Architecture – Hype Cycles

Xtremedata has announced their entry into the data warehouse appliance space. Called the dbX, this product is an interesting twist on the use of FPGA’s (Field Programmable Gate Arrays). Unlike the other data warehouse appliance companies, Xtremedata is not a data warehouse appliance startup. They are a six year old company with an established product line and a patent for the In Socket Accelerator that is part of dbX.

What is ISA?

The core technology that Xtremedata makes is a device called an In Socket Accelerator. Occupying a CPU or co-processor slot on a motherboard, this plug compatible device emulates a CPU using an FPGA. But, the ISA goes beyond the functionality provided by the CPU that it replaces.

Xtremedata’s patent (US Patent 7454550 – Systems and methods for providing co-processors to computing systems. issued in 2008) includes the following description

It is sometimes desirable to provide additional functionality/capability or performance to a computer system and thus, motherboards are provided with means for receiving additional devices, typically by way of “expansion slots.” Devices added tothe motherboard by these expansion slots communicate via a standard bus. The expansion slots and bus are designed to receive and provide data transport of a wide array of devices, but have well-known design limitations.

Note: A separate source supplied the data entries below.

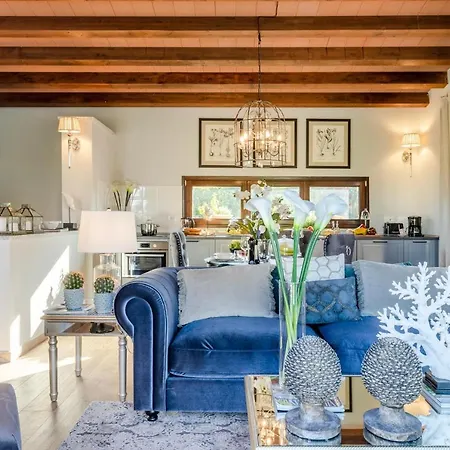 Vila The Luxury With Shared Swimming Pool, Between Viareggio And Torre Del Puccini *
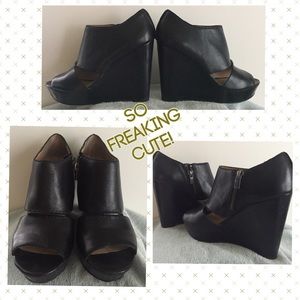 Black Coach chunky peep toe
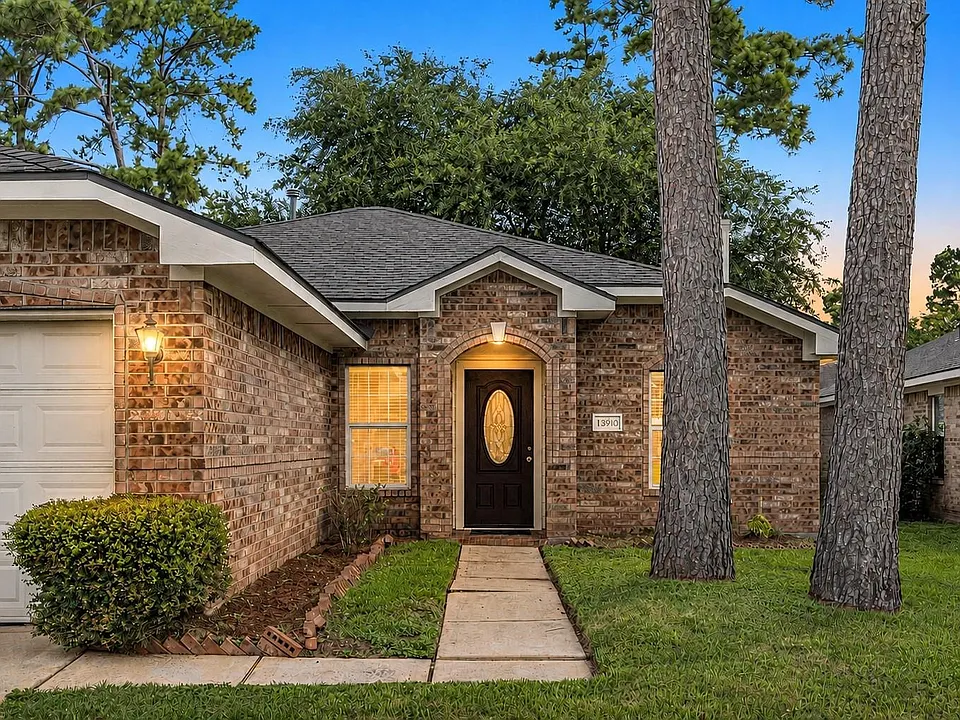 13910 Sac Ct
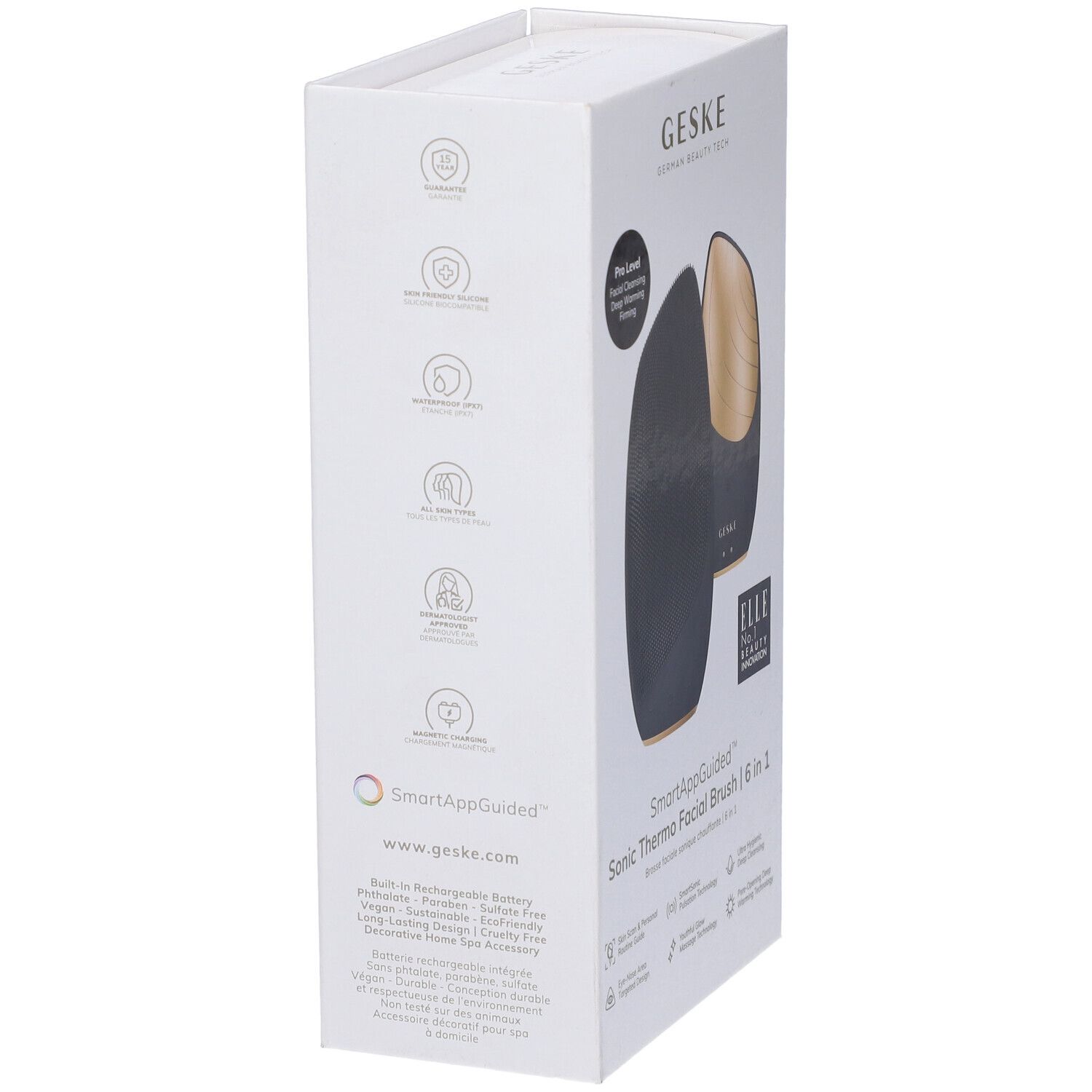 Confezione bianca con immagine del prodotto. Spazzola per la pulizia del viso ovale nera con elemento dorato. Testo: GESKE, SmartAppGuided.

One type of enhancement of a computer system involves the addition of a co-processor. The challenges of using a co-processor with an existing computer system include the provision of physical space to add the co-processor, providing power to the co-processor, providing memory for the co-processor, dissipating the additional heat generated by the co-processor and providing a high-speed pipe for information to and from the co-processor.

Without replacing the socket, which would require replacing the motherboard, the CPU cannot be presently changed to one for which the socket was not designed, which might be desirable in providing features, functionality, performance and capabilities for which the system was not originally designed.

and

FPGA accelerators and the like, including counterparts therefore, e.g., application-specific integrated circuits (ASIC), are well known in the high-performance computing field. Nallatech, (see http://www.nallatech.com) is an example of several vendors that offer FPGA accelerator boards that can be plugged into standard computer systems. These boards are built to conform to industry standard I/O (Input/Output) interfaces for plug-in boards. Examples of such industry standards include: PCI (PeripheralComponent Interconnect) and its derivatives such as PCI-X and PCI-Express. Some computer system vendors, for example, Cray, Inc., (see http://www.cray.com) offer built-in FPGA co-processors interfaced via proprietary interfaces to the CPU.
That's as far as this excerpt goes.